Schematic of the relative rates test for gene sequence and gene expression divergence. The neutral model predicts a constant ratio of divergence within (W) and between (B) the two phylogenetic partitions. Expressed in terms of phylogenetic branch lengths, the null hypothesis of the test is constant (bM+bR)/bH.

Fig. 4

Results of the relative rates test for gene sequence and gene expression divergence. 1427 sets of human–mouse–rat orthologs were compared. (a) Within (bM+bR) against between (bH) partition nucleotide divergence.

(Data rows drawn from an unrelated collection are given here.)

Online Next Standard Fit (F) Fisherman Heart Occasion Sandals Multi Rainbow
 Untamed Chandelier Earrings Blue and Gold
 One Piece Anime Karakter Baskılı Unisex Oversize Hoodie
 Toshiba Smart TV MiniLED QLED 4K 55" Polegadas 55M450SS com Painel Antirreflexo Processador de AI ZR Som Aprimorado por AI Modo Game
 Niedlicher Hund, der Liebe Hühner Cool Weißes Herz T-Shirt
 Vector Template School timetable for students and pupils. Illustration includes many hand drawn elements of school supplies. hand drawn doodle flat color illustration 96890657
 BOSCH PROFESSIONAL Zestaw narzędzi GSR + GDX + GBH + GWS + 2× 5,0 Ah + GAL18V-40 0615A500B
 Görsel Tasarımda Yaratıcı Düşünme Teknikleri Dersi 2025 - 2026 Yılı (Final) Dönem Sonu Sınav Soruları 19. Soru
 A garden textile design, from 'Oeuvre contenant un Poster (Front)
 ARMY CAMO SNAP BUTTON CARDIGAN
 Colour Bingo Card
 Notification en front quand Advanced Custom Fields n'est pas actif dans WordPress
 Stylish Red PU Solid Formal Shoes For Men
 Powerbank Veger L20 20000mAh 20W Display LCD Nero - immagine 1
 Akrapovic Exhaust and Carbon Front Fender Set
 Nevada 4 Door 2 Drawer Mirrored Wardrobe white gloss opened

Nucleotide divergence is measured as the Jukes–Cantor distance (Jukes and Cantor, 1969). (b) Within (bM+bR) against between (bH) partition expression level divergence. Expression level divergence is measured as the absolute difference between the species-specific relative gene expression levels. (c) Within (bM+bR) against between (bH) partition gene expression profile divergence. Tissue-specific gene expression profile divergence is measured as the Euclidean distance between orthologous vectors of tissue-specific expression values. For all plots, Pearson correlation coefficients (r) and P-values for the correlations are shown.